La note des Cinévores : 1étoile

Et de trois ! Après les adaptations de Jacqueline Audry en 1946 et de Jean-Claude Brialy en 1980, le roman pour enfants les Malheurs de Sophie conquiert une nouvelle fois les écrans sous la direction de Christophe Honoré. Pour l’occasion, le cinéaste décentre légèrement la temporalité de l’intrigue en lui conférant les couleurs de l’époque napoléonienne et y invite quelques éléments narratifs des Petites Filles Modèles, autre œuvre-clé de la fameuse trilogie de la Comtesse de Ségur. Dans la vie de château, rien n’a changé. La petite Sophie balade toujours sa frimousse faussement angélique le long des couloirs, évitant de croiser son acariâtre belle-mère, campée par l’étonnante Muriel Robin. Afin de tromper l’ennui et de survivre à l’absence de sa mère (Golshifteh Farahani), elle cède à toutes ses pulsions destructrices. Soit autant de transgressions qui l’amènent à massacrer quotidiennement –et sourire aux lèvres– tout ce qu’elle affectionne : de ses chères poupées jusqu’aux petits poissons rouges, qu’elle n’hésite pas à sectionner au couteau. Nous aurions adoré succomber à cette relecture filmique comme nous a faits fondre l’adorable bouille de Caroline Grant, sa jeune actrice judicieusement choisie parmi près de 800 fillettes.

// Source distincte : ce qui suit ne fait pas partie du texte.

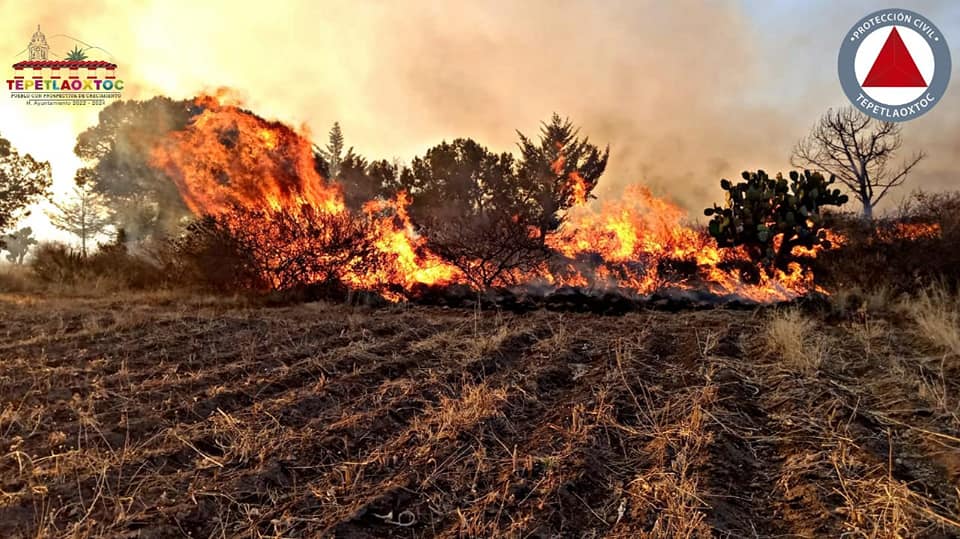 1678636559 Reporta de inmediato en caso de incendio al numero de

Hélas, malgré ses décors et ses costumes de qualité, ces Malheurs de Sophie posent un problème de grande envergure : à qui s’adressent-ils ? Ni aux enfants, qui ne trouveront aucune drôlerie à laquelle s’accrocher, ni aux adultes qui tourneront leurs pouces faute de sous-textes consistants. Ainsi va Christophe Honoré, nous embarquant à bord de  son petit navire pour une destination qui se fait attendre, une chimère dont on se languit. Sa bonne volonté ne suffit pas à apporter l’équilibre nécessaire entre nostalgie et bonheur, cruauté et tendresse. De fait, les péripéties (pas si) saugrenues de Sophie s’enchaînent sans tension ni lumière, enveloppées dans la partition musicale un brin débilitante d’Alex Beaupain. Et donnent à vivre un spectacle dont le cul est constamment coincé entre deux chaises.